- _About this task_: The pictures stay out; all of the data is to be printed exactly.

- _Recorded information_:
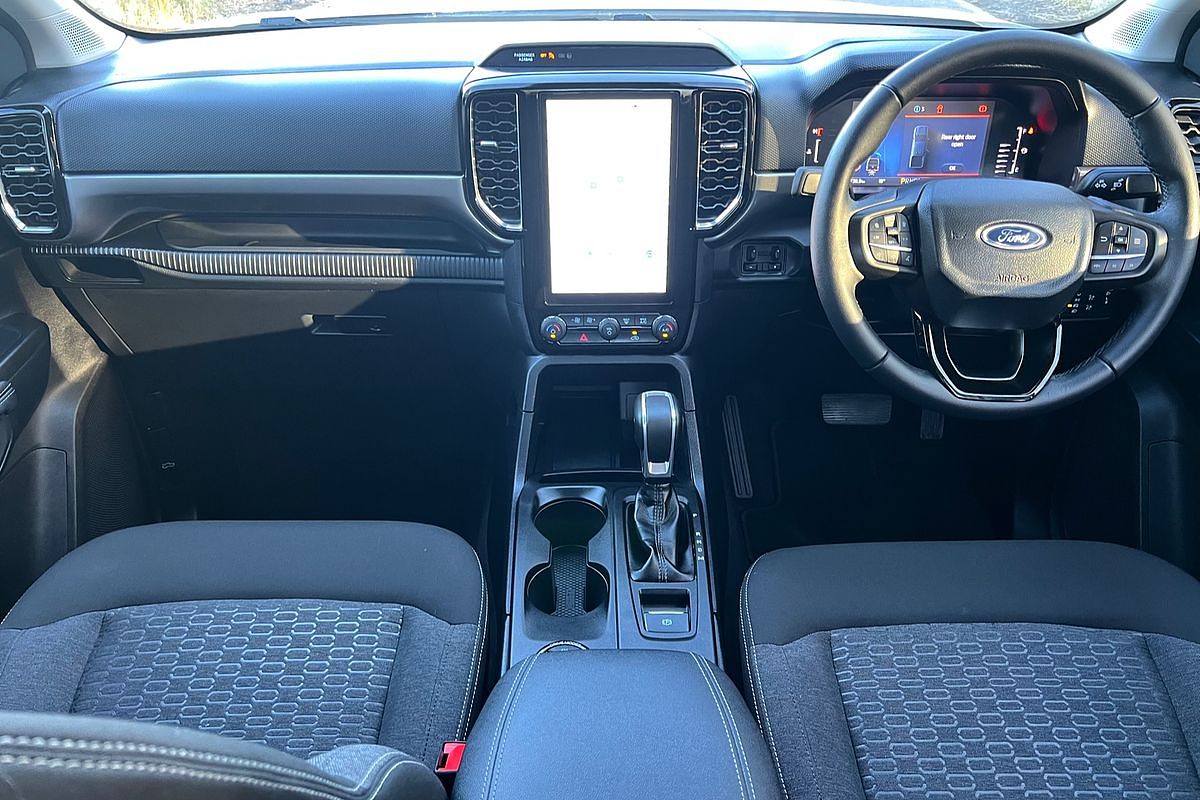 2024 Ford Ranger XLT 4X4 2.0L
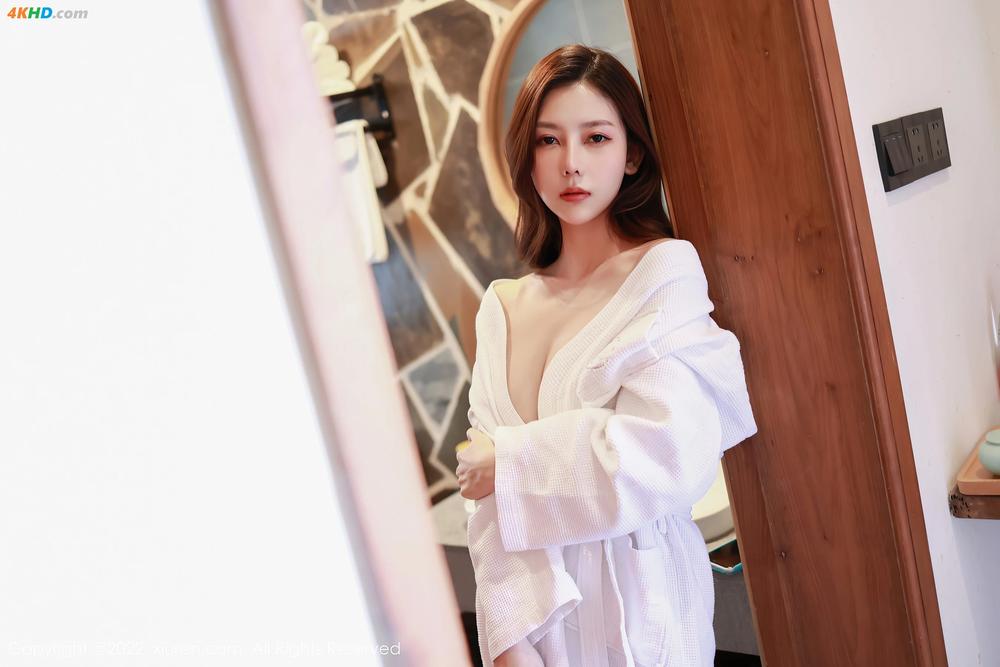 《XIUREN No.4932 Yin Tian Tian (尹甜甜)(192MB)(55photos)》图集预览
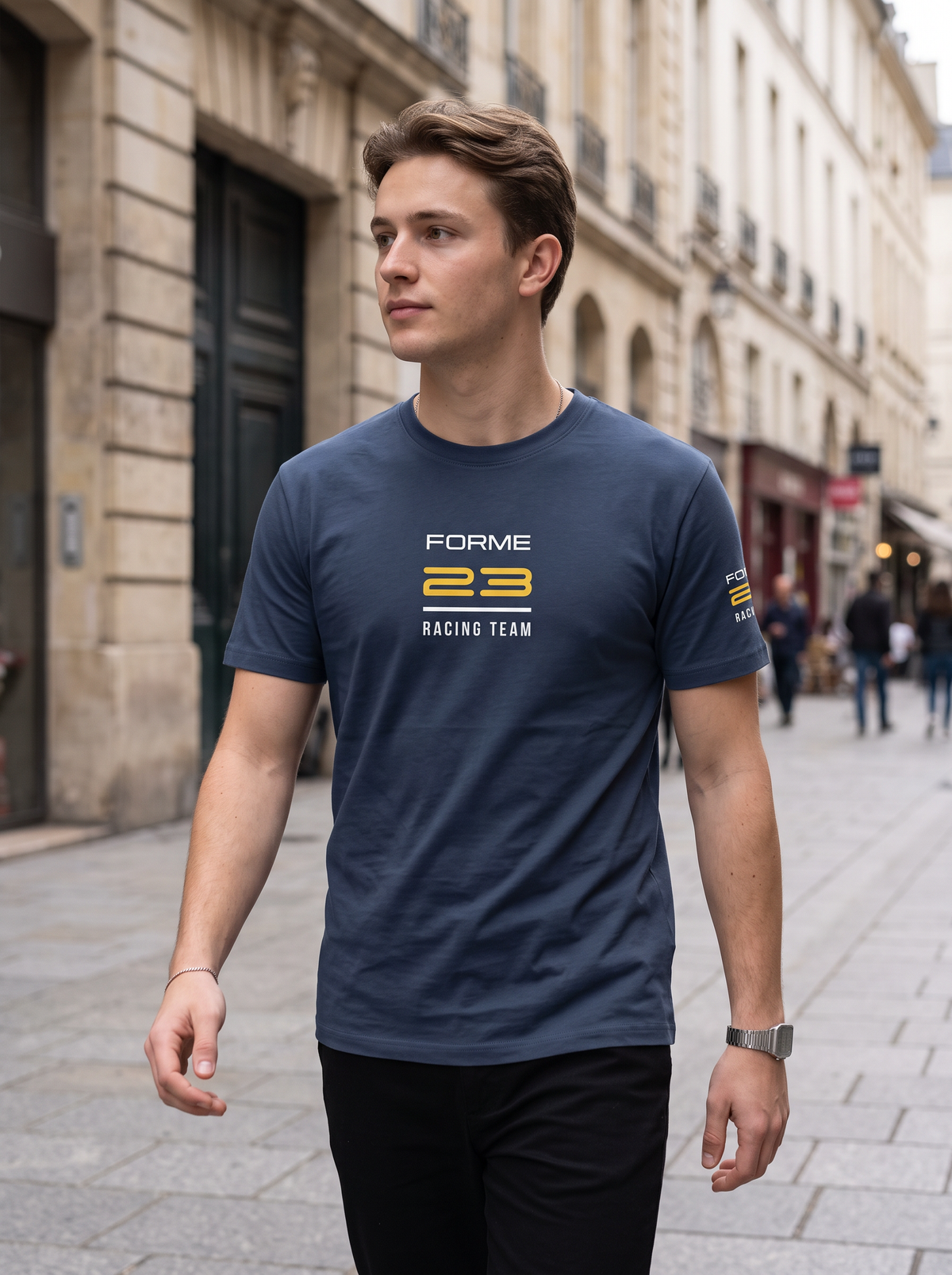 T-Shirt Racing Team 23 Limited Edition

- _Solution to this task_:
 2024 Ford Ranger XLT 4X4 2.0L
 《XIUREN No.4932 Yin Tian Tian (尹甜甜)(192MB)(55photos)》图集预览
 T-Shirt Racing Team 23 Limited Edition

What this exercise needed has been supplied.